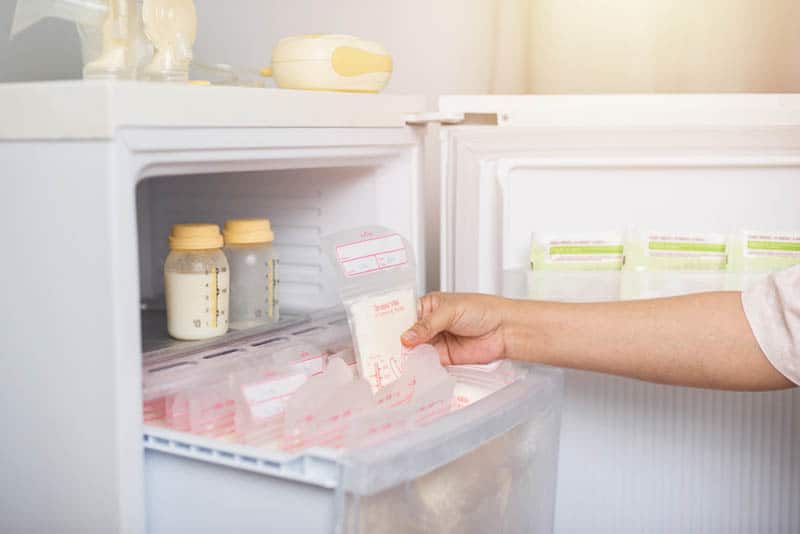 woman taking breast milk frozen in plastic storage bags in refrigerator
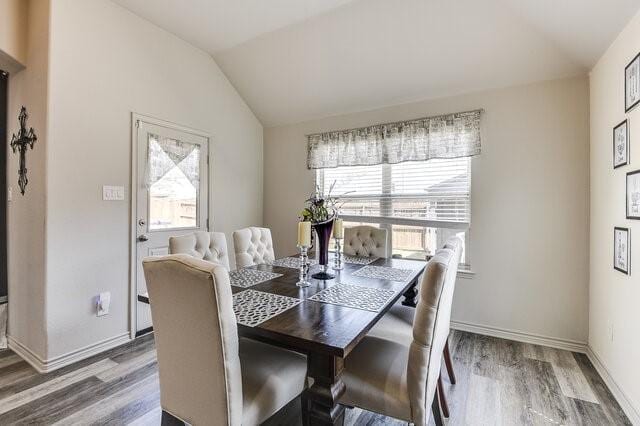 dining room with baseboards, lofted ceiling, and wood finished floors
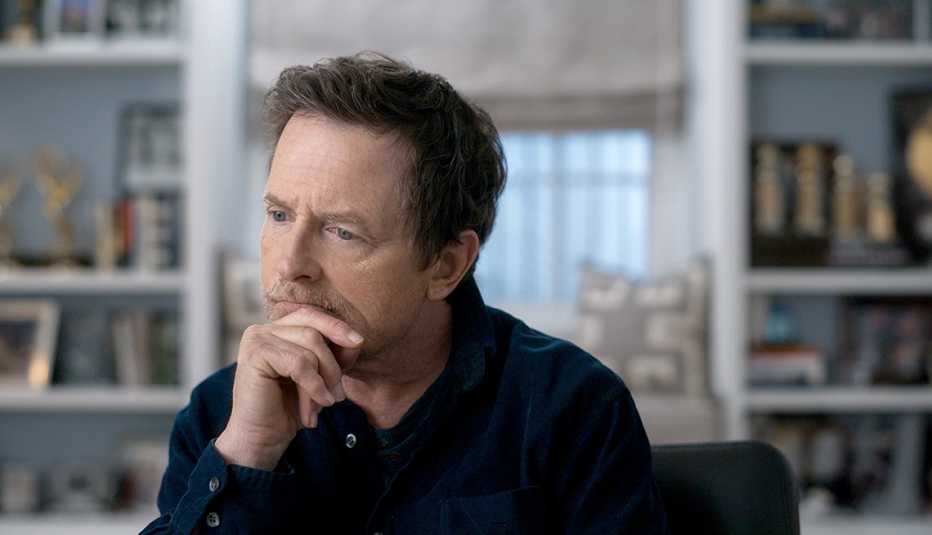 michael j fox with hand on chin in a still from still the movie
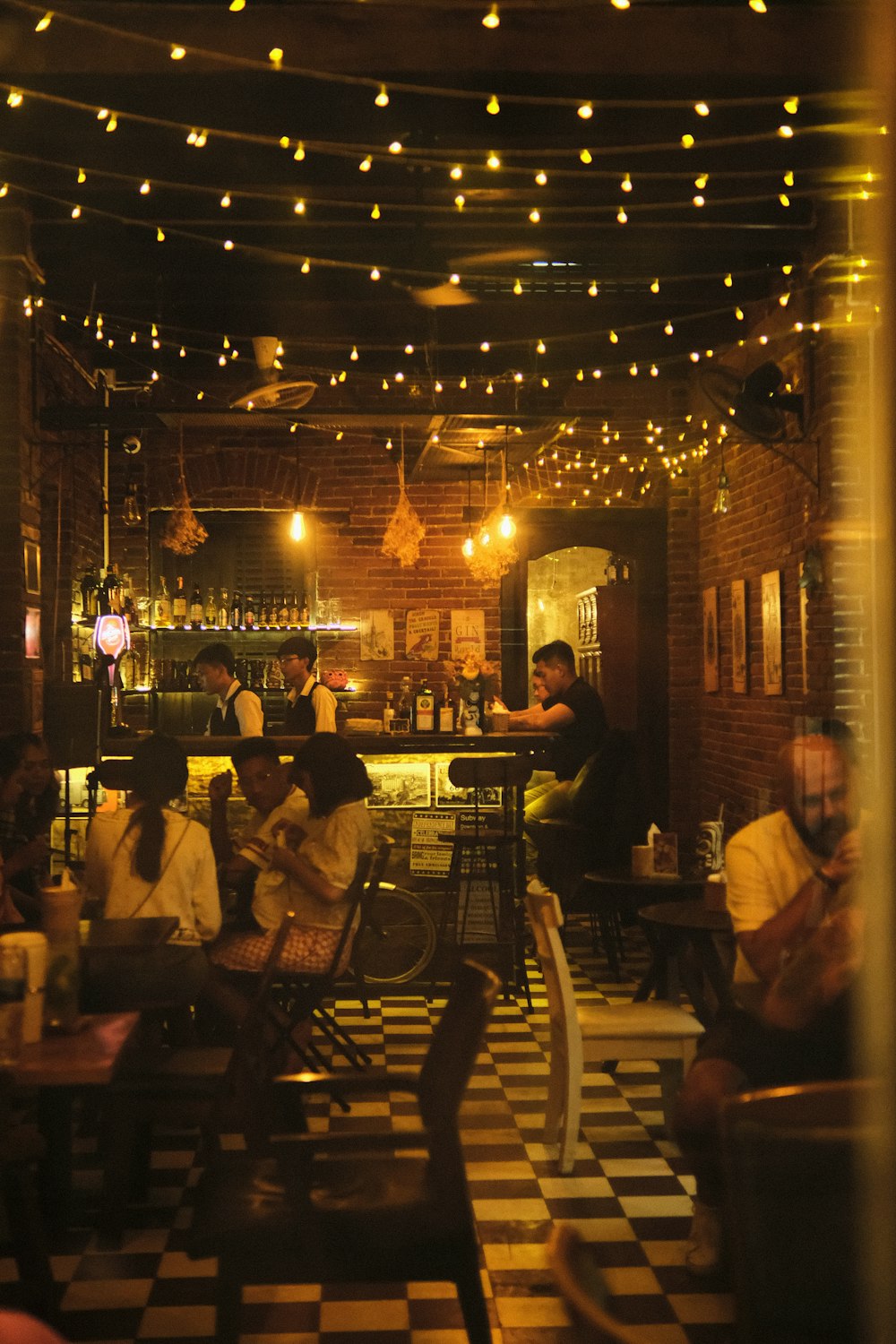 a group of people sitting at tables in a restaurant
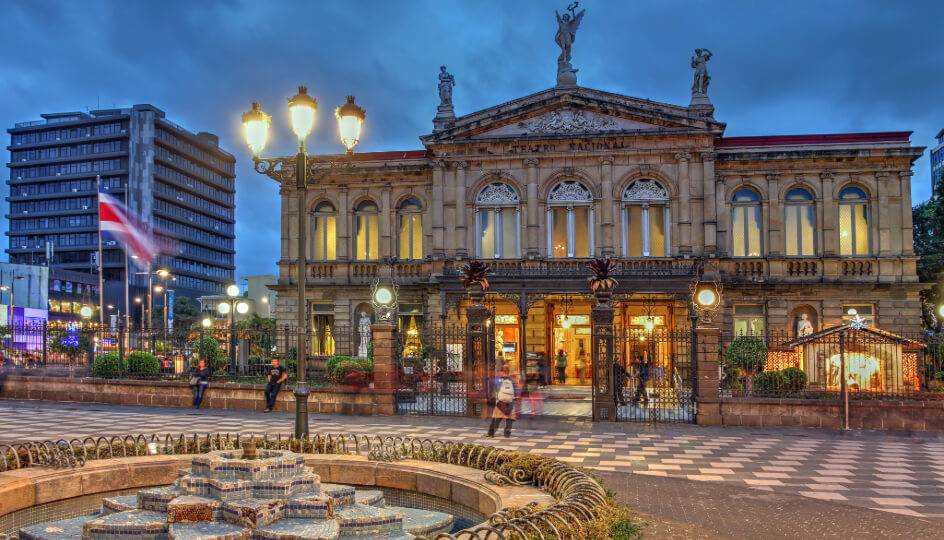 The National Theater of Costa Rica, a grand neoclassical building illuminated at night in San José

■ ■ ■ ■ ■ ■ ■

Your assignment: Whenever you reach a picture, pass over it; print all the other material exactly.

Exercise result:
 woman taking breast milk frozen in plastic storage bags in refrigerator
 dining room with baseboards, lofted ceiling, and wood finished floors
 michael j fox with hand on chin in a still from still the movie
 a group of people sitting at tables in a restaurant
 The National Theater of Costa Rica, a grand neoclassical building illuminated at night in San José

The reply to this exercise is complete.